▶ [Excerpted records]:

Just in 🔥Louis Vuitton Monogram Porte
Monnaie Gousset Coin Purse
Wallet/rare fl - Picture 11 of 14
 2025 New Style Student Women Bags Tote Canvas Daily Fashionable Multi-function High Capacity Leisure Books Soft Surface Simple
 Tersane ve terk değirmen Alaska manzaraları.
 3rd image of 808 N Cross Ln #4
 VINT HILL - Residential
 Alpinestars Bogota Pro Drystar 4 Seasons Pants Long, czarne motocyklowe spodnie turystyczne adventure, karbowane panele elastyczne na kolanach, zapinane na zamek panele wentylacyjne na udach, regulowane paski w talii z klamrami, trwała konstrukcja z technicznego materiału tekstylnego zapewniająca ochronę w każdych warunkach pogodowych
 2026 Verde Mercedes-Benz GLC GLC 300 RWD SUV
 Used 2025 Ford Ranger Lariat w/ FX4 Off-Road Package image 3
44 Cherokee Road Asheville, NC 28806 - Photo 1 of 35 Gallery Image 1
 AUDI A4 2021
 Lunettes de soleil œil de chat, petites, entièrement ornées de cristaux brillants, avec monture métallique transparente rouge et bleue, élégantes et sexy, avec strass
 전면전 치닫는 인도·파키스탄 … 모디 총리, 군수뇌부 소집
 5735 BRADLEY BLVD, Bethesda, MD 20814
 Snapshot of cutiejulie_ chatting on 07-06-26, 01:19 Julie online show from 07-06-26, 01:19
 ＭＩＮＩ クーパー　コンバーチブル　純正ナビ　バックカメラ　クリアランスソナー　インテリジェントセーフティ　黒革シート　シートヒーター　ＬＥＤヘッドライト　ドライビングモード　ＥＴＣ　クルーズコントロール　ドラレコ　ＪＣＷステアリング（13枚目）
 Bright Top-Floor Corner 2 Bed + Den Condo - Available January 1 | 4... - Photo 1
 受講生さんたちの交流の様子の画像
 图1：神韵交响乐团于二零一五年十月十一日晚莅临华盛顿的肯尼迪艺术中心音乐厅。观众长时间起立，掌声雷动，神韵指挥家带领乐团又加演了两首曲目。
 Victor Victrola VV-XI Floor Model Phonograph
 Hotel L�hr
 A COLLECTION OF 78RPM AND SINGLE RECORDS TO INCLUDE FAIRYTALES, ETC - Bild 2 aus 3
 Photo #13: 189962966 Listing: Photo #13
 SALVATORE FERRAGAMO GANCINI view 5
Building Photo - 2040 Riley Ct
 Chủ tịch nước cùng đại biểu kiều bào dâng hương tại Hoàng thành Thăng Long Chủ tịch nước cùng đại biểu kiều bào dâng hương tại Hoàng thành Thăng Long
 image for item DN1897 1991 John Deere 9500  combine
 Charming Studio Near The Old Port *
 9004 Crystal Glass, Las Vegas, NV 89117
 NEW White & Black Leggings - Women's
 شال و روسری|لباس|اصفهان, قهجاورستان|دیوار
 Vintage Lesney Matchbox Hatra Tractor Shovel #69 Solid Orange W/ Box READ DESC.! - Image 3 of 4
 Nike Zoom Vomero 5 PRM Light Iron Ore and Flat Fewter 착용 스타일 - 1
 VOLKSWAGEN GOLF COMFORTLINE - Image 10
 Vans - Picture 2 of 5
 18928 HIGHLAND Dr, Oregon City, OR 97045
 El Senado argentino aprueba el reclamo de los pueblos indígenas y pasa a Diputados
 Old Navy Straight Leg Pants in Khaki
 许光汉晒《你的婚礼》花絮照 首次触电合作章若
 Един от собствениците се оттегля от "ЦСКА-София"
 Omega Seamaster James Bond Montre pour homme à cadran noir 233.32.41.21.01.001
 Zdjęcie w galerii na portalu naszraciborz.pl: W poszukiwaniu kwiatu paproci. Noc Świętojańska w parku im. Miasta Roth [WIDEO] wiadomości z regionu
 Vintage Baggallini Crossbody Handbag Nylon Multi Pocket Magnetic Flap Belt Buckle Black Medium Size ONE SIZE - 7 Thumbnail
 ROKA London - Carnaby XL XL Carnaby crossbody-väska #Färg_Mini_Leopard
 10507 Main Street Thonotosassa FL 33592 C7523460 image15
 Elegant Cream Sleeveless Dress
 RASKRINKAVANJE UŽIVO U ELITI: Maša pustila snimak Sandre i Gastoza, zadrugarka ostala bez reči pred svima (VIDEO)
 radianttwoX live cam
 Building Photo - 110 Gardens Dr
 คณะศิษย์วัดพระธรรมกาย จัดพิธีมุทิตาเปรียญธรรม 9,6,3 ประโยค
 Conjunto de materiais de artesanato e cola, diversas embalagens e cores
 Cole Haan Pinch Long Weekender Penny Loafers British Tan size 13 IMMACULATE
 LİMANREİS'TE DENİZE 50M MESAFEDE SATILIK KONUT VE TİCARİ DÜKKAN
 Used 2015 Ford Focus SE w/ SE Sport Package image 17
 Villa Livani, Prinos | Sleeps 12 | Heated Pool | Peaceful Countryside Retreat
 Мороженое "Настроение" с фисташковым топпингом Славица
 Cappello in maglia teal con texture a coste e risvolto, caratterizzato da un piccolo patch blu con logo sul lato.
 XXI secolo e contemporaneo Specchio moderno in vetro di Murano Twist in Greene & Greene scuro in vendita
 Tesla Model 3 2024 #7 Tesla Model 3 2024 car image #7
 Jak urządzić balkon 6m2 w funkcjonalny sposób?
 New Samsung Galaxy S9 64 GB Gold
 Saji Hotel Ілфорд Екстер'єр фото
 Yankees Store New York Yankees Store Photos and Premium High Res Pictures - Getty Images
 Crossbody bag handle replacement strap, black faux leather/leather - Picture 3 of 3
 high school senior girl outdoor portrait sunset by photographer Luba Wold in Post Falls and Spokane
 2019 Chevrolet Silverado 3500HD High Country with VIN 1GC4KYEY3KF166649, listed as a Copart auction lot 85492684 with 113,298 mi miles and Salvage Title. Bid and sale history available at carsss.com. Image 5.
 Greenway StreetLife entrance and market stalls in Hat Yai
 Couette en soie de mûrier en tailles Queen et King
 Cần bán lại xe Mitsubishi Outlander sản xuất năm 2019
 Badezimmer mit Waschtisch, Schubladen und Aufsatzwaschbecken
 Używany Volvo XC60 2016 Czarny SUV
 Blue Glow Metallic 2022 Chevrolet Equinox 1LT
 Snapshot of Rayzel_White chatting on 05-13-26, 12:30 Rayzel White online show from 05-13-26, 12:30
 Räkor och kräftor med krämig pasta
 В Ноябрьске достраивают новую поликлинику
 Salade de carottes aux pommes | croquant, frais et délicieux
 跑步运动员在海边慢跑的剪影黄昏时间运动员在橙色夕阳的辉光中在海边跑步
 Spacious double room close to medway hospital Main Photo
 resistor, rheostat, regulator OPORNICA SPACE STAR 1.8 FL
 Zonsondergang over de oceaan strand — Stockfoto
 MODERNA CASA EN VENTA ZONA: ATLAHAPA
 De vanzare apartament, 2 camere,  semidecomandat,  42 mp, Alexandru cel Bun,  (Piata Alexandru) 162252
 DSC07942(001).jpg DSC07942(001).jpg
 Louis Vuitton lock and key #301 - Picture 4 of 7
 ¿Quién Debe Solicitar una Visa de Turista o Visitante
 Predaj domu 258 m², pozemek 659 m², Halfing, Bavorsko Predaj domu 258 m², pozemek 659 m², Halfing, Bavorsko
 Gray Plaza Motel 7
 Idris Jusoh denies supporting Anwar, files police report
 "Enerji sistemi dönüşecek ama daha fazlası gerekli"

▶ [Exercise details]:
Copy down every line of the material above that includes the string "Hotel".

▶ [Answer]:
 Hotel L�hr
 Saji Hotel Ілфорд Екстер'єр фото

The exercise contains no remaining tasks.